Gummi Gummi und getunte Autos werden beim nächtlichen Partymarathon in
Reifnitz zur Nebensache: ein Stimmungsbericht zwischen Alkomaten,
Go-go-Girls und Rammstein.
Auf der VW-Bühne gehen die Lichter aus, bei Audi, Seat und Skoda
werden die pompösen Ausstellungsflächen mit Eisengittern
verbarrikadiert. Hat sich das Tageslicht verabschiedet, werden beim
GTI-Treffen sportliche Autos zur Makulatur.
21.30 Uhr. "Jetzt ist Party angesagt", sagt Philip (20) aus Bayern.
Kollege Simon (20) aus Pinkafeld verweist stolz auf die erkleckliche
Anzahl von "10 bis 15 Bieren", an denen er sich in den letzten fünf
Stunden delektiert hat.

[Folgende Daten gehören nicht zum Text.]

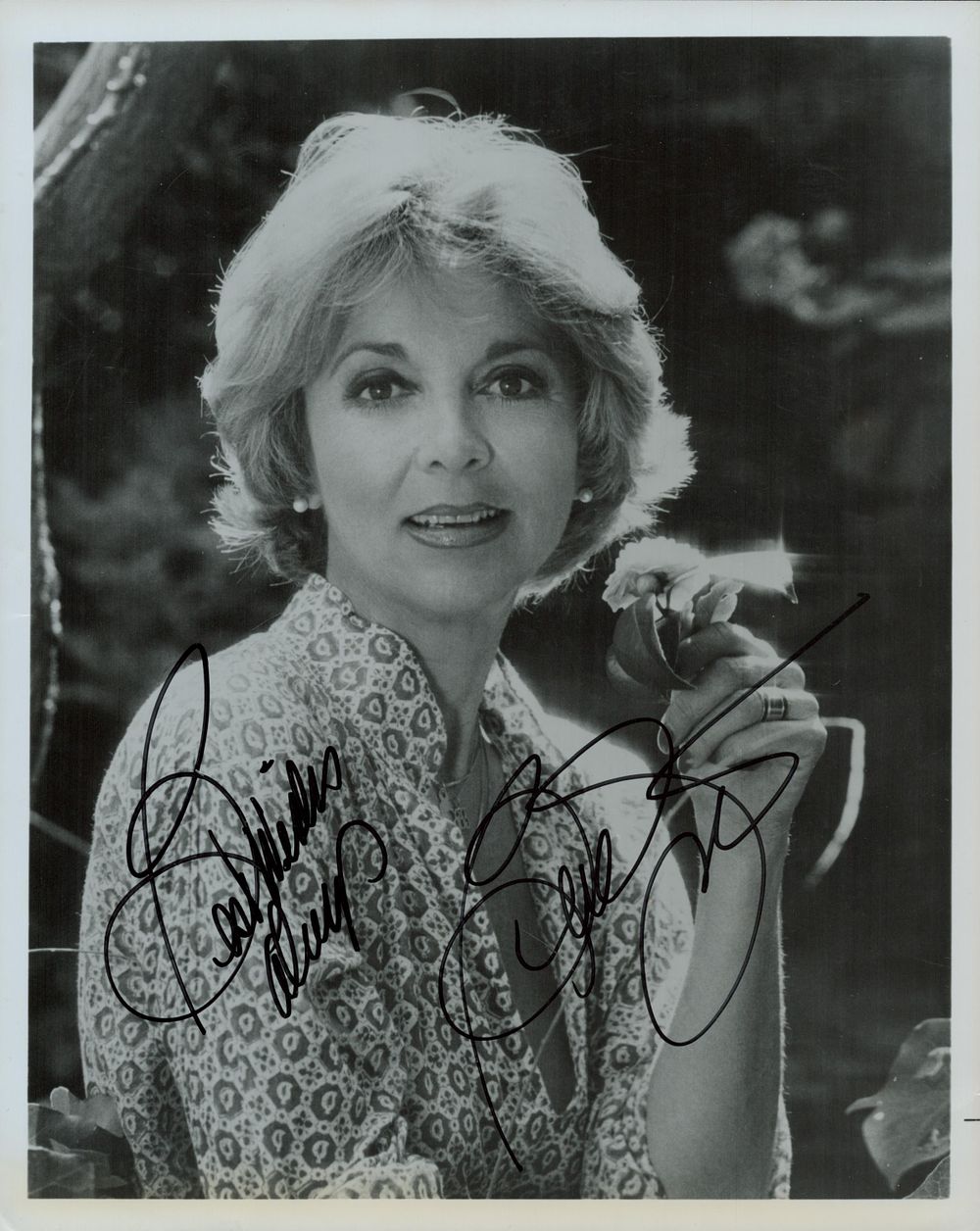 Lot 665: Beverly Garland signed black & white photo 10x8...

Beeindruckt ist er vom "tollen Zusammenhalt der
GTI-Fans". Die Party verläuft feucht-fröhlich-friedlich.
21.47 Uhr. Auf der Hauptbühne beim BBS-Gelände, wo untertags
kiloweise Autogummi verbrannt wird, ist Dance-Musik angesagt. Der Herr
über die Plattenteller nennt sich schlicht DER DJ und fordert die Meute
zu "Vollgas" und einer "schweinegeilen Party" auf. Philip gönnt sich
einen Schluck eines giftgrünen Drinks. "Wodka Apfel hält jung."
22.05 Uhr. Im Heavy-Metal-Zelt ist "Headbangen" en vogue. Eine
Besucherin kämpft mit Gleichgewichtsstörungen, während im Hintergrund
die Rettung mit Blaulicht ausrückt. Wohl nicht wegen des Müllcontainers,
der einem Besucher mit hohem Aggressionspotenzial zum Opfer fiel.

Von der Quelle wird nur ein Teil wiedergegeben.